Il matrimonio di Maria Braun portato in scena alla Biennale Teatro da Thomas Ostermeier ha l’amarezza di uno sguardo disincantato sulle magnifiche sorti e progressive di un modello vincente di storia nazionale – quello della Germania risorta dalle ceneri nel secondo dopoguerra – che si riverbera su un archetipo di successo personale (lavoro, denaro, amore). E la constatazione finale è che cruda e realista: non ci sono opzioni win-win nella vita, così come nella storia.
La peculiarità del lavoro del regista-voce della scena berlinese è un disincanto che affonda il bisturi rispetto al film di Rainer Werner Fassbinder, perché si avviluppa attorno al disincanto stesso. Se il film coglieva l’amarezza di uno sguardo feroce sui finti miti di potenza di un momento storico fatto di grandi tensioni e nette definizioni, ma forse anche di certezze da aggredire e delusioni da cavalcare, oggi la Maria Braun di Ostermeier non può stupire per cinismo o disincanto dato che la disillusione è la cifra dominante nella Storia e delle piccole storie che fanno la società meschina. Come dire che la Maria di Fassbinder poteva avere aspettative di reazione (forse di redenzione), mentre questa eroina incarnata sulla scena da una intensa e ironica Ursina Lardi ha la consapevolezza di non avere scelta, di stare in un mondo che non può cambiare e di cui deve accettare le cui atroci banalità.

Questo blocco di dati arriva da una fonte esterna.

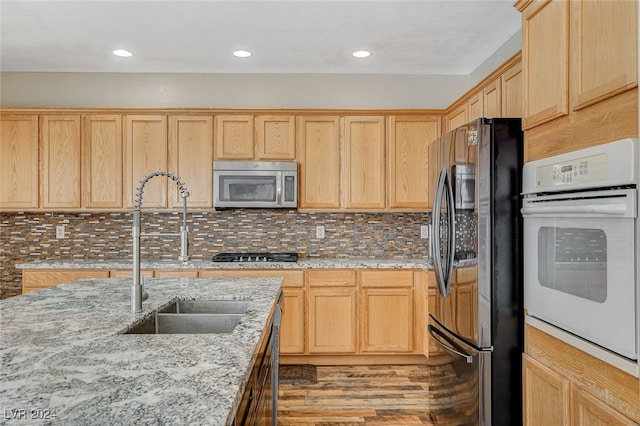 kitchen with tasteful backsplash, stainless steel appliances, light stone countertops, sink, and light hardwood / wood-style flooring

L’amarezza quasi espressionista di Fassbinder lascia dunque il campo a un’ironia briosa che l’ottimo cast presentato in scena da Ostermeier restituisce con un’ottima pulizia nell’interpretazione. Così il dramma si trasforma (quasi) in commedia, il regista gioca con i ruoli e quello che poteva risultare drammatico si scioglie in un senso di normalità. Rimane sullo sfondo l’ironia di un destino complesso, che non viene subito ma giocato. E questa Maria Braun, prima ancora di essere una donna-manager dell’industria molto contemporanea, capace di cogliere le sfide e i rischi del dopoguerra, è una manager di se stessa tanto quanto l’amato consorte Hermann. I due potrebbero essere forse i protagonisti di una versione tedesca di House of Cards e anche il finale esplosivo, che rimanda al possibile suicidio di Maria, sembra ancora una volta un gioco più che un melodramma.